Yuki Tsunoda exclusive interview with RaceFans

Tsunoda on learning from Ricciardo, fans’ ‘advice’ and dialling down radio rage


Posted on

| Written by and

You might not have heard of the ‘Lombard effect’ before – but you’ve almost definitely experienced it.

Have you ever been listening to audio with a pair of headphones on or earphones in, had someone say something to you, then shouted your response back at them? Of course you have. And that’s why you have something in common with Yuki Tsunoda.

The third-year AlphaTauri driver has become infamous for his… ‘passionate’ messages over team radio. Not just for the volume of his feedback to race engineer Mattia Spini, but a lot of the un-broadcastable language he uses.

Thankfully, Tsunoda is able to keep his voice at a respectable volume when out of the cockpit. But it’s amusing that when RaceFans joins the 23-year-old in the paddock for a sit down chat, he’s the one who brings up his struggles with the Lombard effect unprompted…

“Sometimes, my radio is quite shouty,” he admits. “It’s not because I’m angry. I’m not just really used to, at least not yet, talking on the radio while I’m driving.

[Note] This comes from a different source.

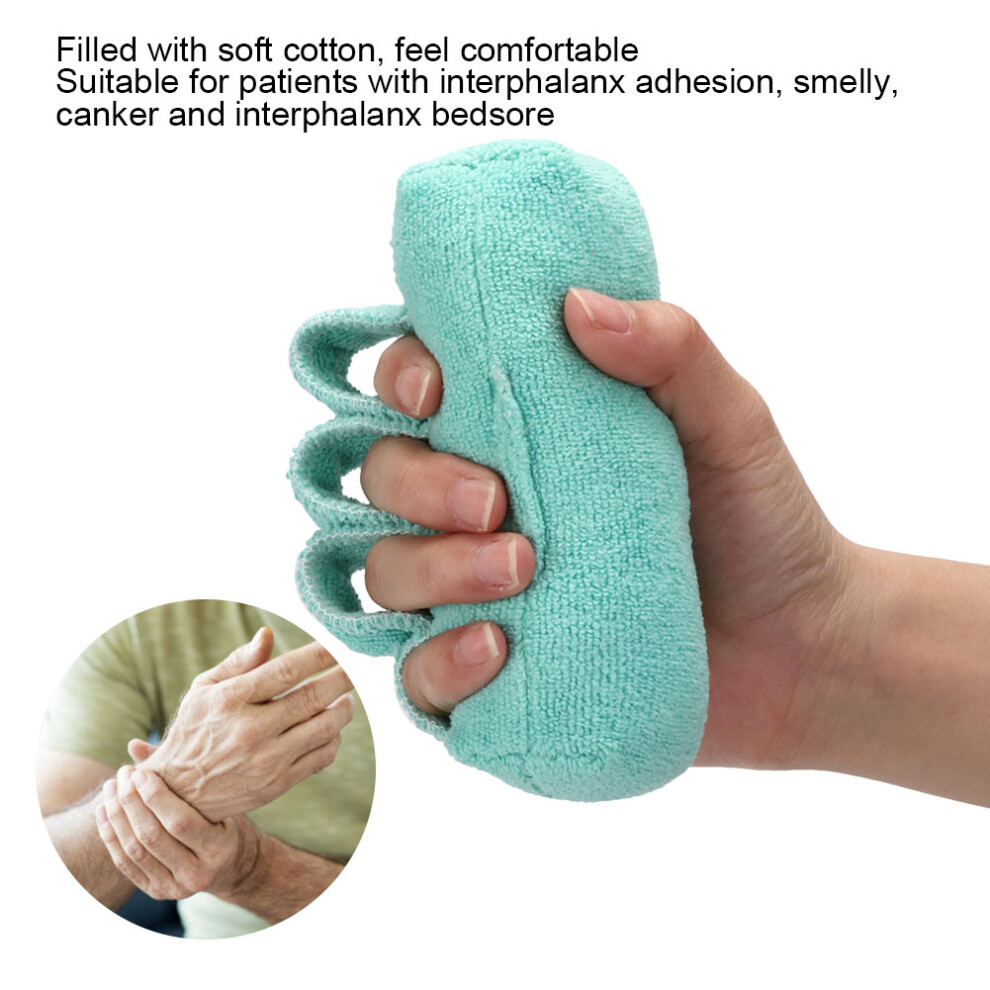 Light/Green Finger Caring Separation Pad For Bedridden Patients In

“You can’t hear much what you’re saying. I feel like I have to speak loud to reach the radio, but the radio’s literally here. So I always forget this. You can’t even you speak like this, quietly, the engineers can hear it. So those things and like still very communication how I behave – especially in bad moments, bad times, I tend to always be really aggressive and excited.”

Yuki Tsunoda, AlphaTauri, Losail International Circuit, 2023
Tsunoda will race for a fourth season in 2024
Over his first three seasons in Formula 1, Tsunoda has had his fair share of ‘bad times’. Some of them he had little excuse for, such as crashing at the pit lane exit during his first visit to Montreal in 2022 or taking out team mate Pierre Gasly while in the points the very next round at Silverstone. But Japan’s sole representative on the F1 grid has also been the victim of circumstances, robbing him of results that could have changed the narrative around him within the paddock and in the consciousness of the sport’s fans.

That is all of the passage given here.